__Collected data__
◇ ◇ ◇ ◇

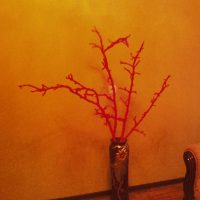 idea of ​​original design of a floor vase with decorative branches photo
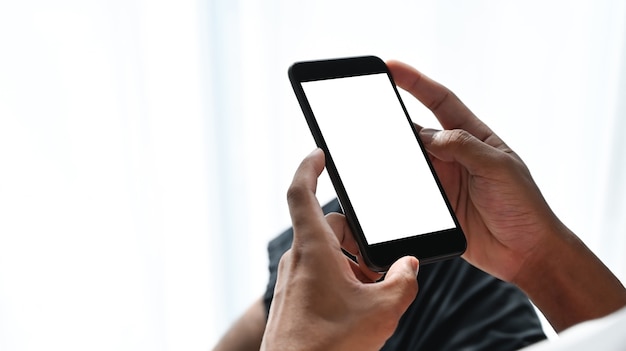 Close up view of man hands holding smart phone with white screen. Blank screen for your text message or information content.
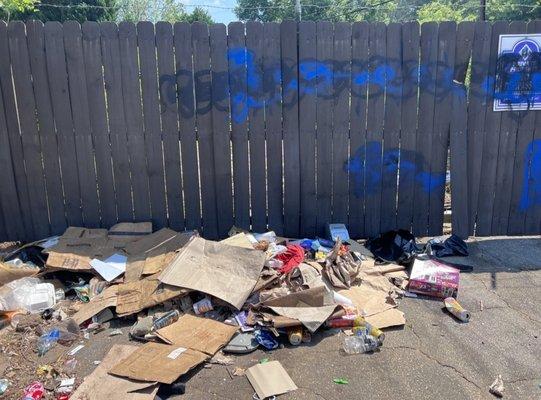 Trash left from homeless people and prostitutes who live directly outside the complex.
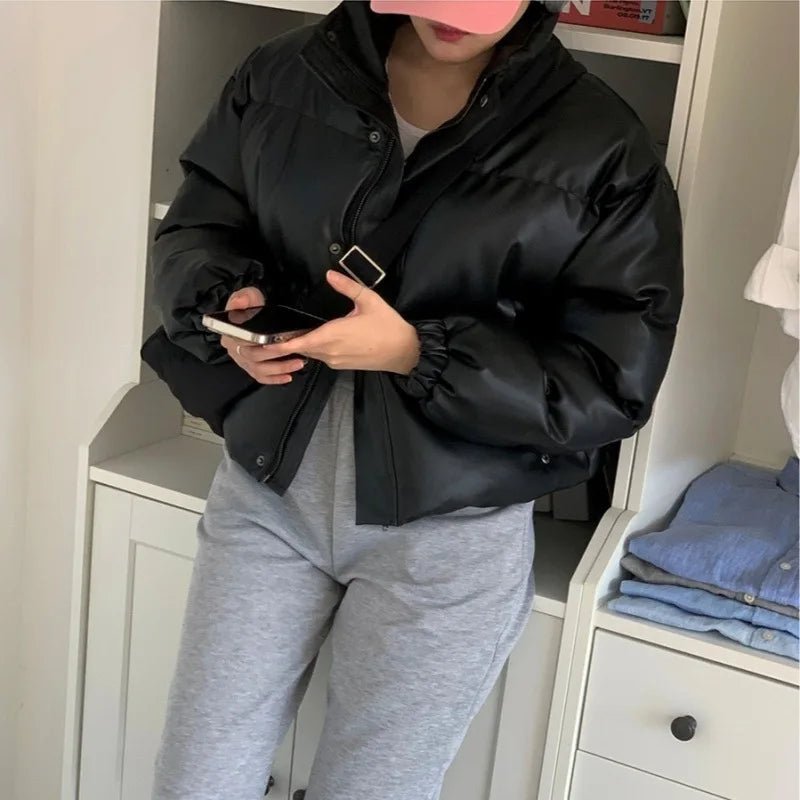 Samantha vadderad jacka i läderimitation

◇ ◇ ◇ ◇

__Aim of the task__
Please set down the lines above word for word and leave out the pictures.

__The answer__
 idea of ​​original design of a floor vase with decorative branches photo
 Close up view of man hands holding smart phone with white screen. Blank screen for your text message or information content.
 Trash left from homeless people and prostitutes who live directly outside the complex.
 Samantha vadderad jacka i läderimitation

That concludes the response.